What to produce: Only the lines below between the one holding "Underneath general, select" and the one holding "and work towards", inclusive, are to be reproduced word for word; the pictures are to be left out.

Information given:
┄┄┄┄┄┄┄┄┄┄

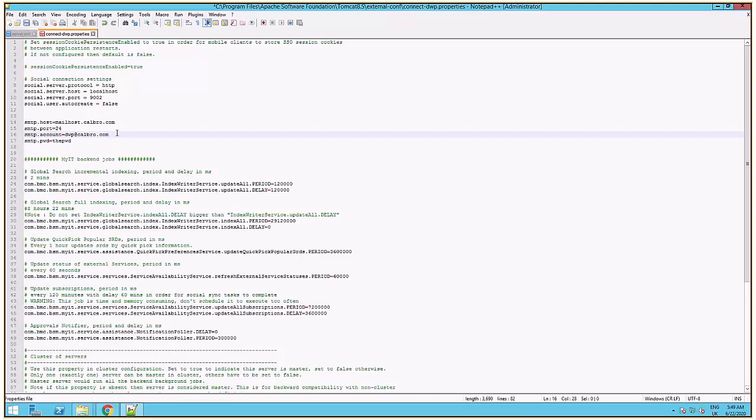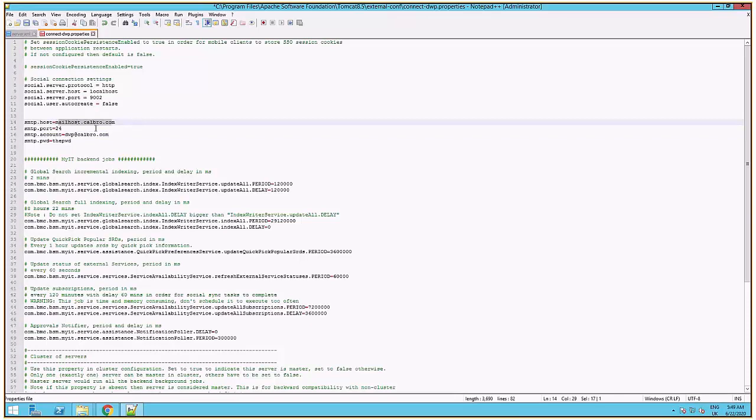In case you are having issues receiving the survey notifications via email or in-app, you need to check if the SMTP is correctly configured in connect-dwp.properties file. Make sure the hostname, the port, account, and password are correctly configured.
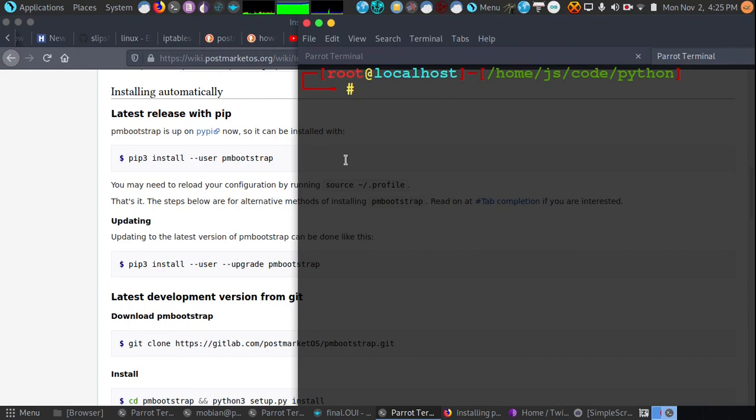Hey guys, so today I'm going to be working on installing PostMarket operating system on the PinePhone. I wanted to go through the process with you guys to show people how it's done, and in fact this is my very first time looking at PM Bootstrap. So I'm going to be going through the process with you and feel free to follow along.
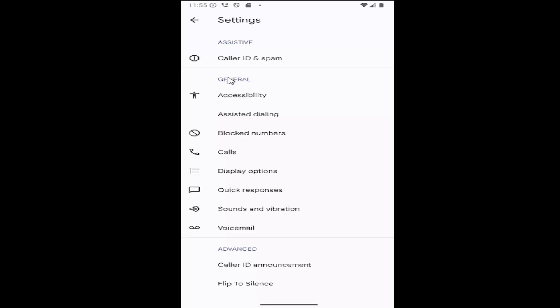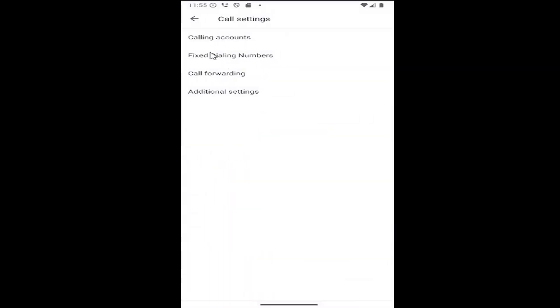Underneath general, select calls and where it says call forwarding, select that.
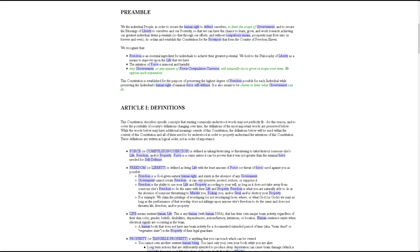and work towards achieving our greatest individual divine potentials, so that through our efforts and without compulsory means, prosperity may flow unto us forever and ever, do ordain and establish this Constitution for the provinces that form the country of Freedom Haven.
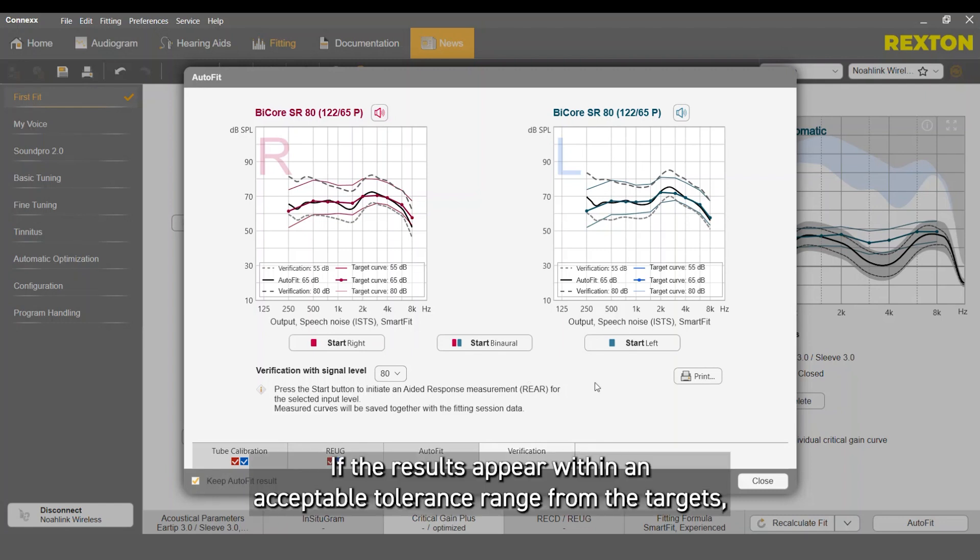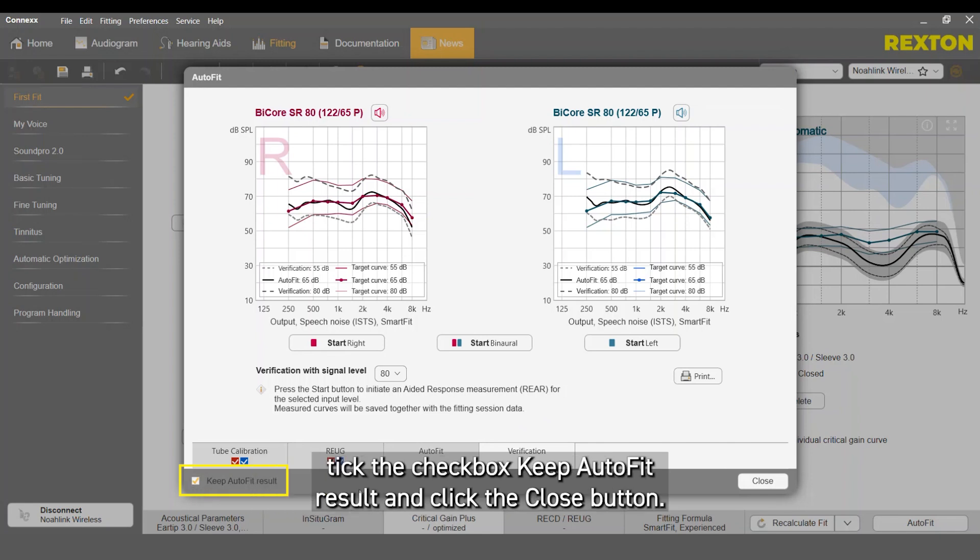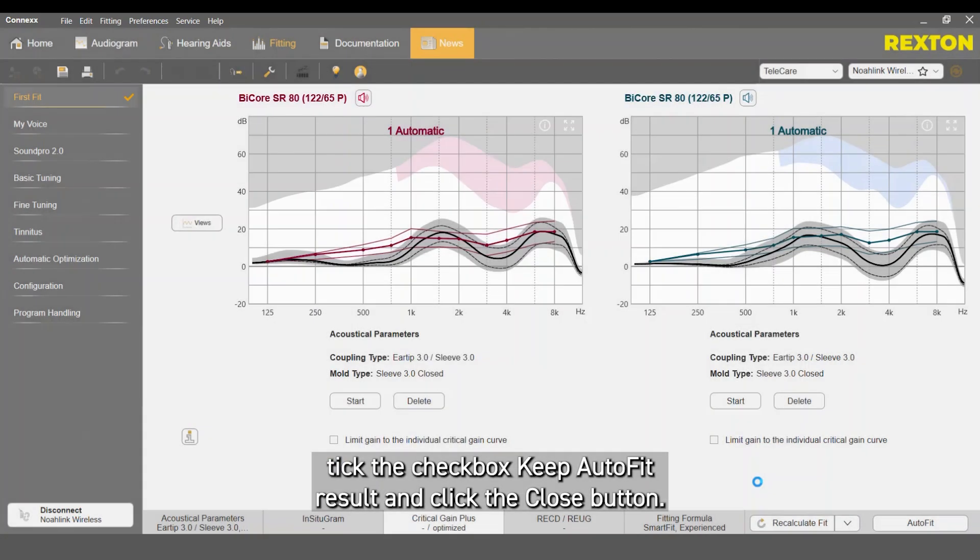If the results appear within an acceptable tolerance range from the targets, tick the checkbox Keep AutoFit result and click the Close button.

┄┄┄┄┄┄┄┄┄┄

Result for this exercise:
Underneath general, select calls and where it says call forwarding, select that.
and work towards achieving our greatest individual divine potentials, so that through our efforts and without compulsory means, prosperity may flow unto us forever and ever, do ordain and establish this Constitution for the provinces that form the country of Freedom Haven.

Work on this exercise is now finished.